Ich glaube, ich habe schon Menschen von Riga schwärmen hören. Aber das kann eigentlich nicht sein. Es ist einer der hässlichsten Orte, die ich bislang gesehen habe. Riga ist mit rund 600.000 Einwohnern keine so große Stadt, aber der Ballungsraum mit weiteren rund 500.000 Einwohnern macht ihn zum größten in den baltischen Ländern. Die Einfahrt ins Zentrum von Riga zieht und zieht und zieht sich, vorbei an Dutzenden und Aberdutzenden Wohnblöcken aus Sowietzeiten – grau, verkommen, vernachlässigt, vergessen, verarmt, hässlich. Die Eingangstüren kleine dunkle Löcher mit Griff – allein beim Anblick dieser Eingangstüren, durch die tagtäglich so viele Menschen ein- und ausgehen, steigt mir der Geruch von alten, modrigen, muffigen, bestenfalls Bohnerwachstreppenhäusern, Urin und Kohlsuppe in die Nase. Hoffentlich muss ich niemals so ein Gebäude betreten! Dicht an dicht stehen sie, graue Plattenbauten, Balkone, auf die sich schon seit langer Zeit niemand mehr getraut hat, mit verrosteten Geländern und schwarz verdreckten Plastikverkleidungen, in denen ich mir ein glückliches Leben einfach nicht so richtig vorstellen kann. Zwischen den Klötzen Gras, ein paar Birken, immerhin. Keine Bank, kein Blumenbeet, Kinder gibt es hier entweder nicht, oder sie wurden vergessen. Kein Platz zum Spielen.

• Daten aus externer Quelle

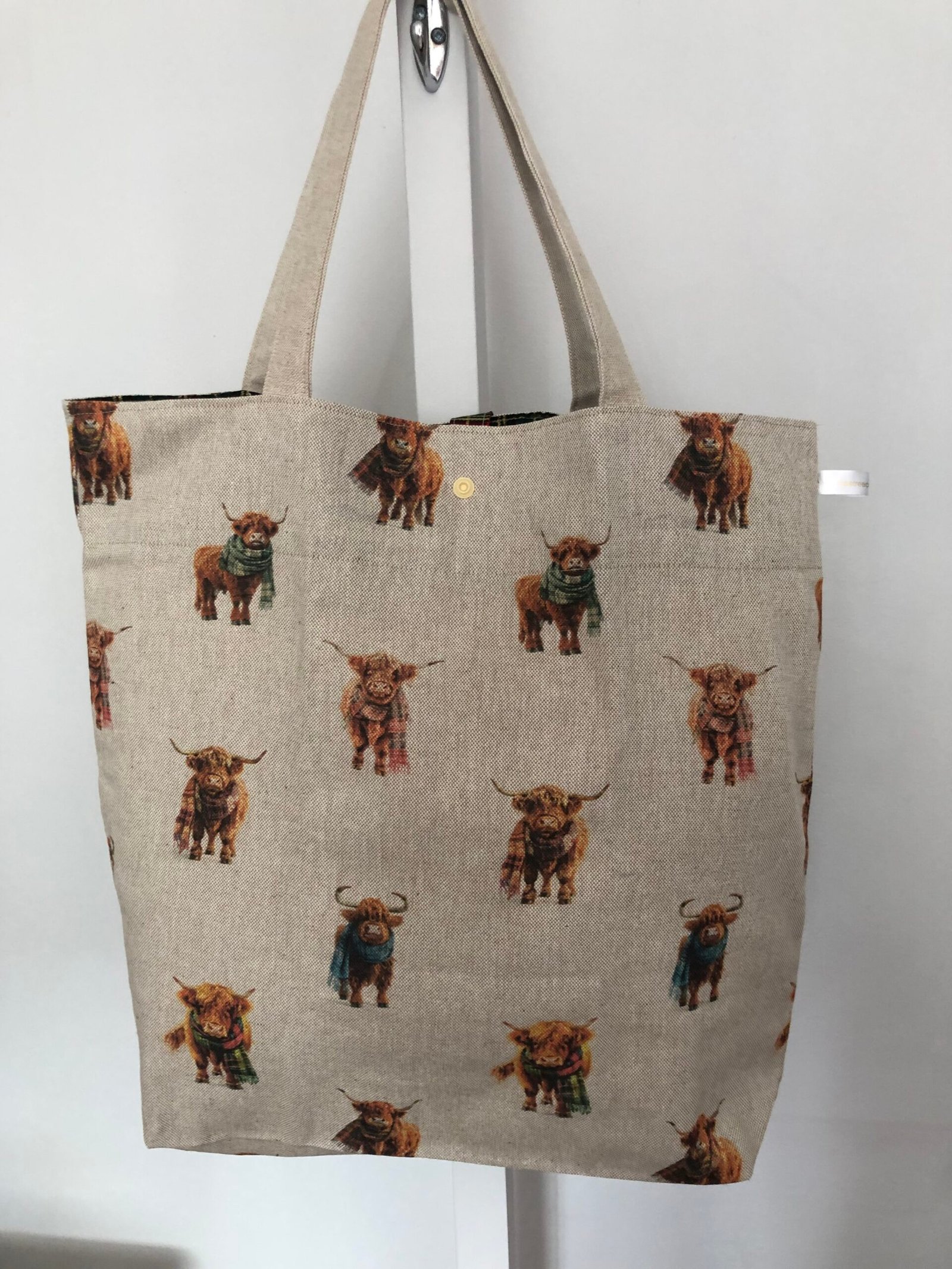Little cows all over folding bag fabric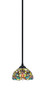 Zilo Stem Mini Pendant, Matte Black Finish, 7" Kaleidoscope Art Glass (560-MB-9905)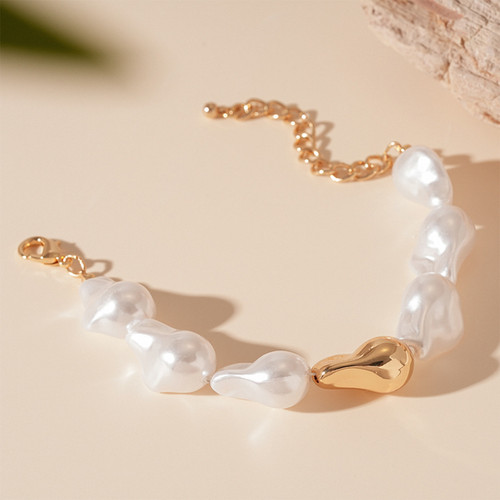 アクセサリー Baroque pearl & joint chain bracelet Modern Baroque Pearl Gywen Bracelet – Park and Luxe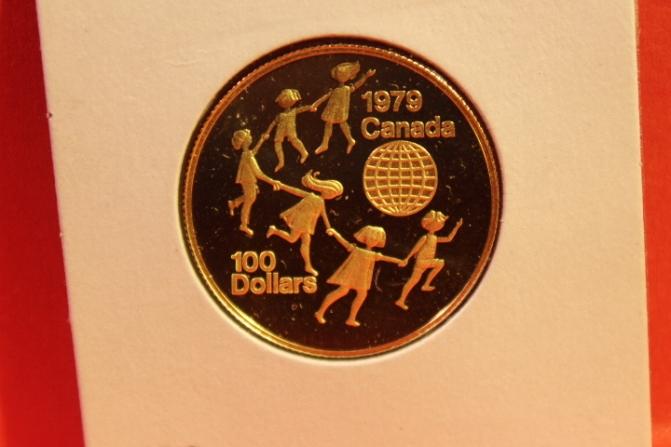 Münze 100 Dollar Canada, Gold pp, 1979, 27mm #3199 0424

Im Zentrum: Glanz und Gloria, moderne Bauten. Alles Fake? Ja!
Wehmütig denke ich an die schönen Häuser in Skandinavien, mit den großen, weißen, von innen beleuchteten Sternen, den Schwibbögen, in jedem einzelnen Fenster, draußen Lichterketten in Bäumen und auf Mauern, die die wenigen hellen Stunden im Winter vergessen machen sollen und durch die lange Winternacht helfen. Wie sah das alles so schön aus im Schnee, der hier immer weiß war. In Riga ist der letzte verbliebene Schnee schwarz.
Auf dem Weg über Land an die Ostseeküste. Immer noch in Lettland. So viele vergessene, verlassene, verkommene, Gehöfte und Häuser. Das tut mir im Herzen weh. Die schönste Landschaft, aber hier, so abgelegen, will oder kann man nicht mehr leben. Lieber in Riga, im grauen Plattenbau mit schwarzem Schnee.
Wir sind jetzt in Liepaja, Lettland, am Ostseestrand. Hier bleiben wir bis übermorgen. Nach all den Städten, Helsinki, Tallin, Riga, muss ich an die frische Luft, muss den Horizont sehen, muss durchatmen.